En los laterales de mi trozo de naturaleza, a modo de seto arbóreo, los frutales toman color prematuro de primavera y la carga de verdes, rojos y amarillos permite que se componga otro cuadro, con nuevas plantas y flores invitadas, y con una asombrosa paleta de tonalidades.

Todo apunta a que el invierno dice adiós sin apenas haber llegado, un adiós que está por la labor de expirar de manera inmediata, de entregarse a una primavera que sueña con abrir su esplendor cual capullo musculoso y soleado de rosa color sangre.

Más arriba, por encima de los mil metros, los brezos lucen flores blancas y olorosas y los pájaros brincan de un lado a otro muertos de alegría, borrachos de tanto elixir. Abajo, donde troncos y plantas se agarran al sustrato, la belleza es verde sobre verde y este espacio se niega a admitir prisiones de marrones y amarillos en área clímax de monteverde.

La vida brilla en cualquier punto de mi trozo de naturaleza, encerrada entre líneas de frutales que juegan a creerse recién nacidos, con el cántico de los pájaros menudos y divertidos que revolotean apoyándose en manzanos, perales y ciruelos podados en señal de fiesta.

La llovizna, junto a la nube gris, espesa y opaca, sigue encharcando el sendero, que refleja sombras del árbol viejo en lagunillas donde hacen pie hasta las hormigas. Al otro lado, las aves de corral se enfangan graciosas y enloquecidas por dos rayos de sol que calientan de incógnito, los primeros de las últimas semanas. En la otra esquina de la cuadra, ahora camino de una puerta artesanal trancada, espabilan cuatro ovejas negras de barro y estiércol. Los gallos se quitan de delante.

Hay nubes se mire para el lugar que se mire, y ahora sol, y luego lluvia fina, que se ve que es ella misma gracias al charco poco profundo. Y ya, al fin, solo cielo azul y montañas de fondo.
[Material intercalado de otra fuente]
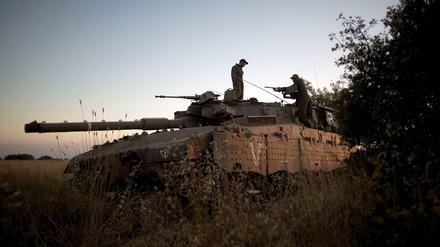 Ein Panzer der israelischen Armee an der Grenze zu Syrien.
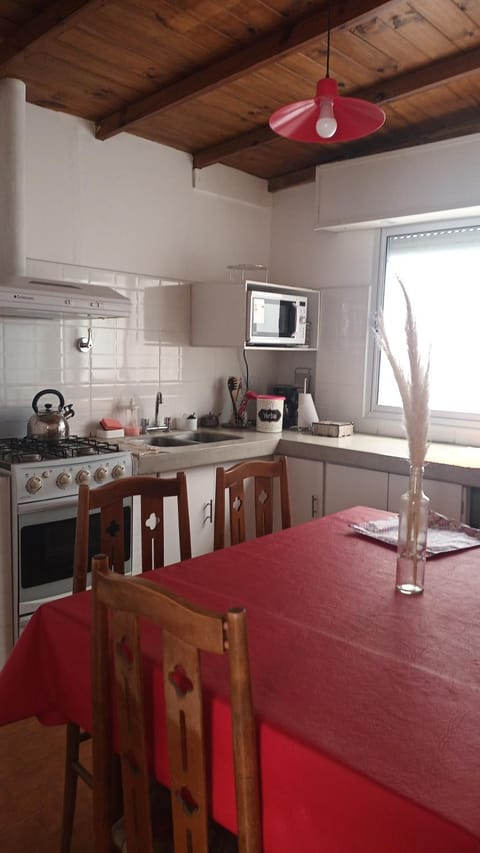 Kitchen or kitchenette, Dining area, minibar, pet friendly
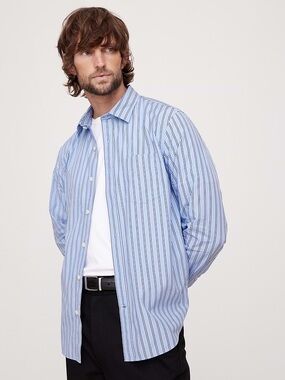 Banana Republic Light Blue Pinstripe Button-Up Shirt, size Medium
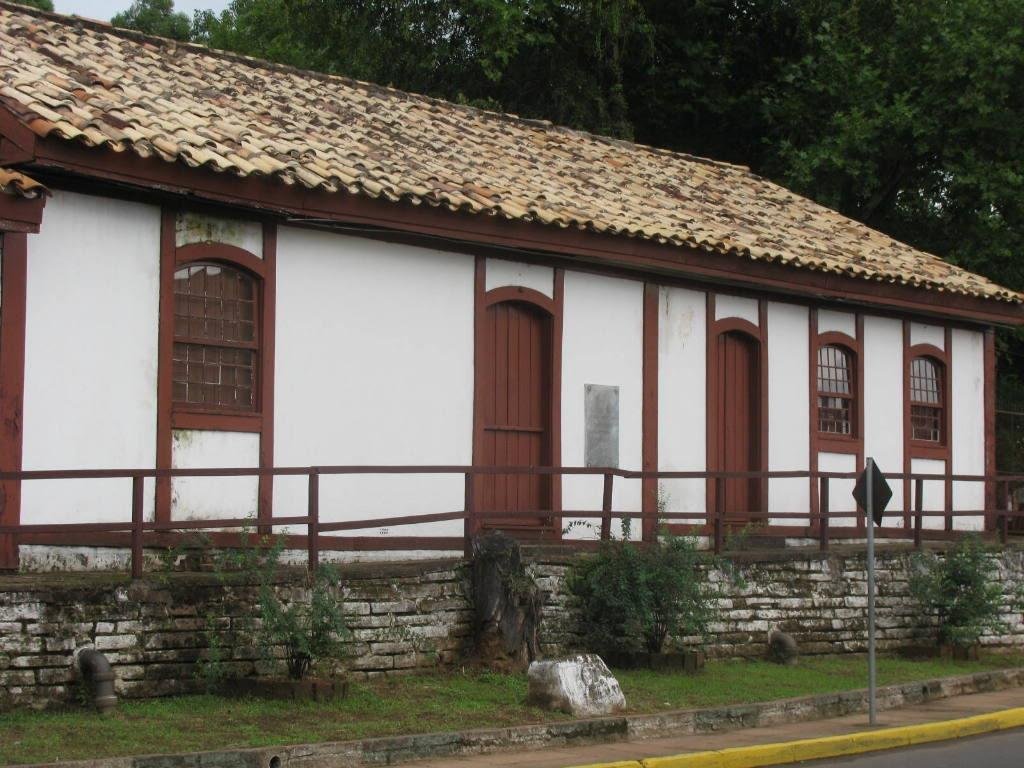 Casa do Imigrante est&aacute; fechada para visita&ccedil;&atilde;o h&aacute; quatro anos por conta de danos estruturais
Todo esto se dibuja a nada de que caiga la noche, que llega, como siempre, con su regalo maniático de meter menos y menos grados. Queda un instante para que la luz del día descanse y ello se nota en los termómetros.

La noche se estrena. Los pájaros, los animales domésticos y el resto de fauna salvaje están abrigados y las ventanas ya oscuras de aquellos frutales que presumían de alegría abortan sin querer cualquier intento de felicidad multicolor.

Los setos están pero no se ven, el corral apaga todas sus luces y ya solo queda forrarse mucho, hasta arriba del todo, con los ojos encendidos y la vista abierta, y a la vez confiar en que la nube también duerma porque esta vez no haya decidido irse de fiesta hasta altas horas de la noche.

Pasa el tiempo y el silencio reposa sobre árboles, tierras de cultivo y tejado a dos aguas. Fuera, el cielo negro se deja ver a lo lejos y poco a poco, con los grados empujando hacia el refugio, se divisa un espectáculo de luces que recuerda el placer de los pájaros libres y saltarines entre las ramas de los brezos borrachos de miel y fragancia.

Las estrellas invitan a quedarse a la intemperie; el frío lanza hacia la casa; el corral permanece ajeno a este minúsculo jaleo, y las flores de los árboles recelan encogidas a ver qué tal pasan la noche.

A estas horas resulta imposible aguantar más. Da mucha rabia, pero el cuerpo no está preparado para ese chute de baja temperatura. Las estrellas se ponen a bailar para llamar la atención y evitar el adiós de los seres hielo, pero el frío a la vez pellizca queriendo indicar que fuera más no. Saltamos dentro de las cuatro paredes y todo queda atrás, menos el recuerdo, que mantenemos vivo hasta que el sueño nos convierte en invisibles, en seres muertos por un rato, en cuerpos en hibernación.